Tada! We have three hosts in our inventory for nornir to work with, all expending minimal effort.

Note: since we are using the ansible inventory plugin, we can if needed, extend this to make more use of other ansible inventory primitives, like group_vars and host_vars. I used this a lot in my SRLinux-POC repo, and if you decide to go there, you can leverage some additional clab topology tweaks to enable more grouping options that are really handy.

talking gnmi with the stock certs

The clab default config for gNMI uses some certs generated by clab and injected into the config. These are self signed, but they are derived, and the chain can be accessed if you know where to look.

In the previous section we imported the ansible-inventory.yml file from the clab metadata folder, which clab creates when you run the deploy command. Within this folder is a hidden .tls folder which has a ca subfolder with the key and cert, as well as folder for each device, also containing the key and cert.

Its worth noting that unless you use the -c flag when you destroy a topology, this folder is persisted between clab deployments, and its content is re-used. When you admin save a config, the container writes the config here for example.

So, looking back to the ansible_inventory.yml we can see all the nokia devices are added by the clab template to a group called nokia_srlinux, so lets setup a group_vars/nokia_srlinux.yaml which has the nokia defaults for gnmi pre-defined, and the CA set to use this ca folder.

---
username: admin
password: NokiaSrl1!
port: 57400
connection_options:
  pygnmi:
    extras:
      path_root: "./clab-demo-env/.tls/ca/ca.pem"
      skip_verify: False
      insecure: False

You can just remove the comments on the file I put in the repo obvs.

With this information we are now able to make trusted connections to the gNMI server on each device, and get/set stuff on the device. Lets test that with our show-version.py

from nornir import InitNornir
from nornir_utils.plugins.functions import print_result
from nornir_pygnmi.tasks import gnmi_get

nr = InitNornir(config_file="config.yaml")

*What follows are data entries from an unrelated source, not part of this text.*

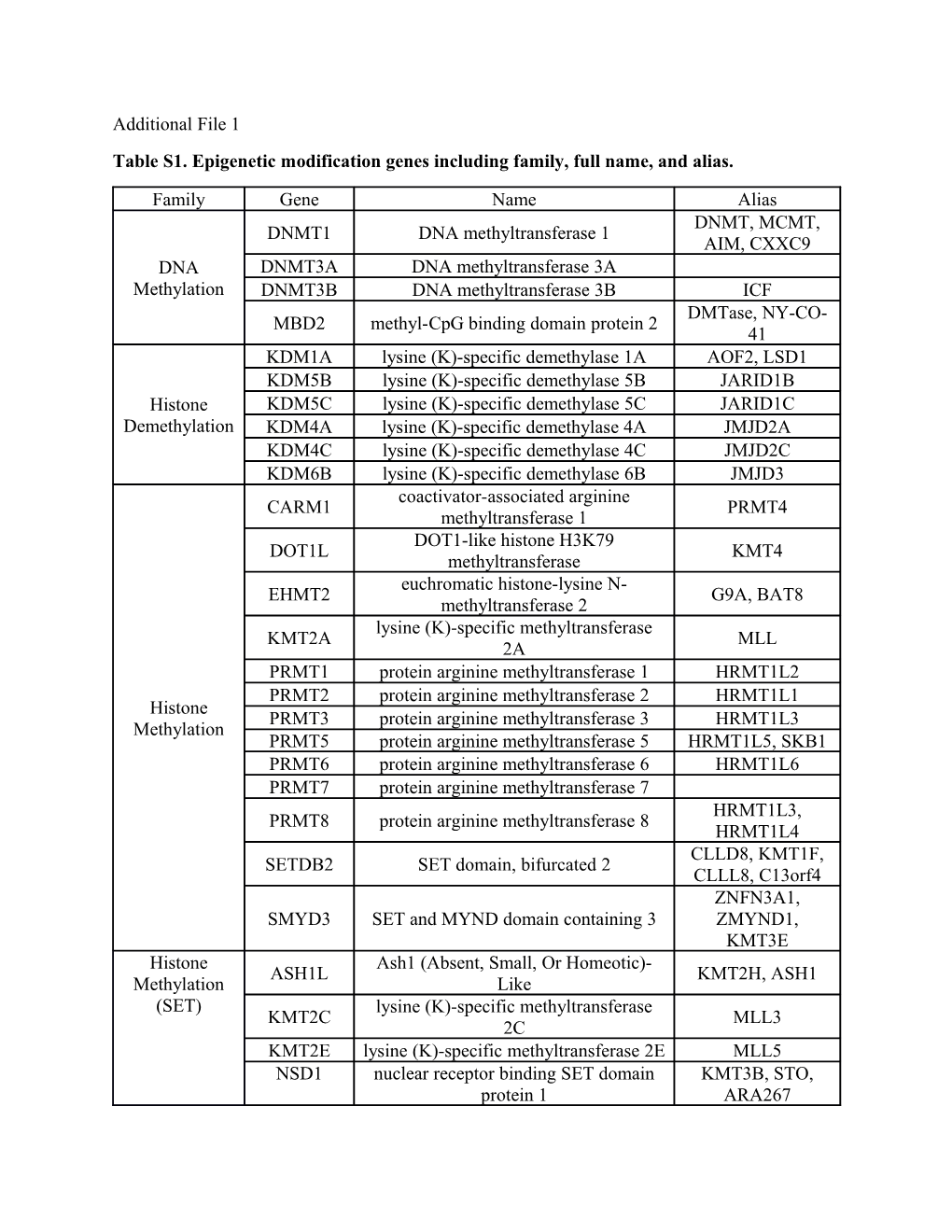 Table S1. Epigenetic Modification Genes Including Family, Full Name, and Alias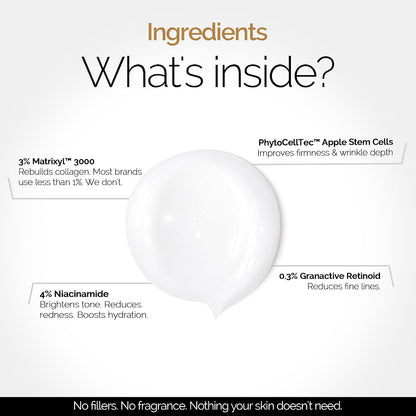 PERSONAL TOUCH SKINCARE Backshift Anti-Aging Face Cream | Youthifying Peptide, Niacinamide & 0.3% Granactive Retinoid (HPR) | Wrinkle Repair, Firming & Collagen Boost | 30ml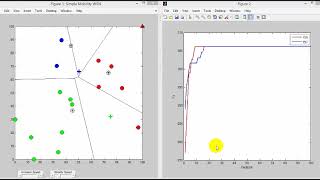 MATLAB Genetic Algorithm GA and Bacterial Conjugation operator BC for clustering IN WSN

result1 = nr.run(task=gnmi_get, encoding="json_ietf", path=["system/information/version"])
print_result(result1)

which when we run it should yield the following:

(venv) jhow@containerlab:~/git/exploring-vault/demo-env$ python show-version.py
gnmi_get************************************************************************
* clab-demo-env-leaf1 ** changed : False ***************************************
vvvv gnmi_get ** changed : False vvvvvvvvvvvvvvvvvvvvvvvvvvvvvvvvvvvvvvvvvvvvvvv INFO
{ 'notification': [ { 'alias': None,
                      'atomic': False,
                      'prefix': None,
                      'timestamp': 1735685970351784517,
                      'update': [ { 'path': 'srl_nokia-system:system/srl_nokia-system-info:information/version',
                                    'val': 'v23.10.6-68-g3758560fa3'}]}]}
^^^^ END gnmi_get ^^^^^^^^^^^^^^^^^^^^^^^^^^^^^^^^^^^^^^^^^^^^^^^^^^^^^^^^^^^^^^
* clab-demo-env-leaf2 ** changed : False ***************************************
vvvv gnmi_get ** changed : False vvvvvvvvvvvvvvvvvvvvvvvvvvvvvvvvvvvvvvvvvvvvvvv INFO
{ 'notification': [ { 'alias': None,
                      'atomic': False,
                      'prefix': None,
                      'timestamp': 1735685970352370328,
                      'update': [ { 'path': 'srl_nokia-system:system/srl_nokia-system-info:information/version',
                                    'val': 'v23.10.6-68-g3758560fa3'}]}]}
^^^^ END gnmi_get ^^^^^^^^^^^^^^^^^^^^^^^^^^^^^^^^^^^^^^^^^^^^^^^^^^^^^^^^^^^^^^
* clab-demo-env-spine1 ** changed : False **************************************
vvvv gnmi_get ** changed : False vvvvvvvvvvvvvvvvvvvvvvvvvvvvvvvvvvvvvvvvvvvvvvv INFO
{ 'notification': [ { 'alias': None,
                      'atomic': False,
                      'prefix': None,
                      'timestamp': 1735685970351753842,
                      'update': [ { 'path': 'srl_nokia-system:system/srl_nokia-system-info:information/version',
                                    'val': 'v23.10.6-68-g3758560fa3'}]}]}
^^^^ END gnmi_get ^^^^^^^^^^^^^^^^^^^^^^^^^^^^^^^^^^^^^^^^^^^^^^^^^^^^^^^^^^^^^^

Tremendous. We can talk to our network device with a trusted TLS connection. But this TLS cert was made for us by clab, and we don’t get that luxury in the real world.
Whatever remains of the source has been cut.